The shuttle's engines snarl like a turian drill sergeant chewing out a raw recruit, the hull rattling as we claw our way out of Yavin 4's crumbling orbit. That red jungle haze smears into the black, a fading wound I'd rather forget. My hands clamp the controls, levers and flashing junk as alien as a Keeper's console, no rhyme or reason to the layout. I've patched worse on the Normandy with Joker's whining ringing in my ears, so this isn't a death knell yet. Just a damn close call. The viewport clears, stars stabbing through the dust, cold and precise, and I let out a breath I hadn't clocked I was holding.
"Well. Still alive. Call it a draw."
Revan looms behind me, a shadow cut from the cockpit's thin glow, his violet saber clipped to his belt now that the chaos has dialed back to a dull roar. His scarred face is all sharp edges and quiet steel, composure earned by staring down something worse than death and deciding it isn't worth the flinch. But his eyes carry a flicker. Curiosity, bare and uninvited, the kind that doesn't mesh with the warrior carved into his posture.
One second we were gutting synthetic freaks, the next he had their escape route pinned down with the calm certainty of a man reading departure boards. I'm not sold, not fully. But with Yavin 4 a glowing wreck and whatever it was now tearing through the system, I'll tag along with the glowstick mystic until a better play shows its face.
I jab the console, squinting at the tangle of switches and a screen spitting static, a fried relay feed.
"Alright, let's see what this rust bucket's got."
I flip a toggle that makes the engines rasp lower, a throaty vibration that crawls up my spine and lodges in my teeth. Revan doesn't twitch, just watches me like I might initiate the self-destruct sequence. Decent odds, honestly.
"You don't steer these things with that mind trick of yours, do you?"
I toss him a grin, probing the edges of his stone wall.
"The Force shapes will to need."
His gaze catches on my wrist as the orange glow flares across the panel. Of course it does. The man probably flew warships with his mind in whatever old campaign he crawled out of, but that look tells me something different. He's studying my tech like I'd study a Prothean artifact, hungry the way a cartographer goes hungry when the map runs out.
"Great, I'll stick to swearing at it 'til it moves."

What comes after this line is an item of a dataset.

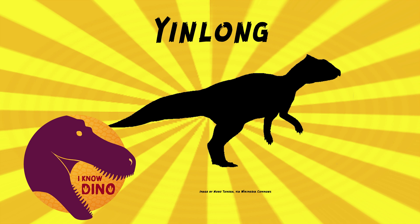The type species is Yinlong downzai. The genus name means 'hidden dragon,' and yes, it does refer to the movie Crouching Tiger, Hidden Dragon, because a lot of that movie was filmed in Xinjiang near where the fossils were found. The species name is in honor of paleontologist William Randall Downs III, who often took part in paleontological expeditions to China and who passed away the year before Yinlong was found. The fossils were found in 2004, and Yinlong was named in 2006 by Xu Xing and others.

I slide my hands over the panel, muscle memory kicking in, years of jury-rigging the Normandy's guts with EDI's precision and Tali's workarounds paying off in ways neither of them will ever know. A nav screen blinks up, coughing out a star map I can't parse, all jagged lines and symbols that might as well be finger paintings. My tool whirrs, syncing with a glow that breaks it down, light fanning out across the mess and dragging sense out of gibberish.
"Engines are weak as a salarian's handshake."
I scowl at the readout as diagnostics scroll in a language my tech half-guesses at.
"This thing's damn slow. Barely got us out of orbit, and that's pushing it."
I scroll the map, fingers twitching over the controls.
"Those cloaked bastards must've hitched a ride off-world already. Probably had a bigger ship waiting. Closest pit stop's Kaelis Outpost. If we limp there, maybe we could find something that can catch up to them."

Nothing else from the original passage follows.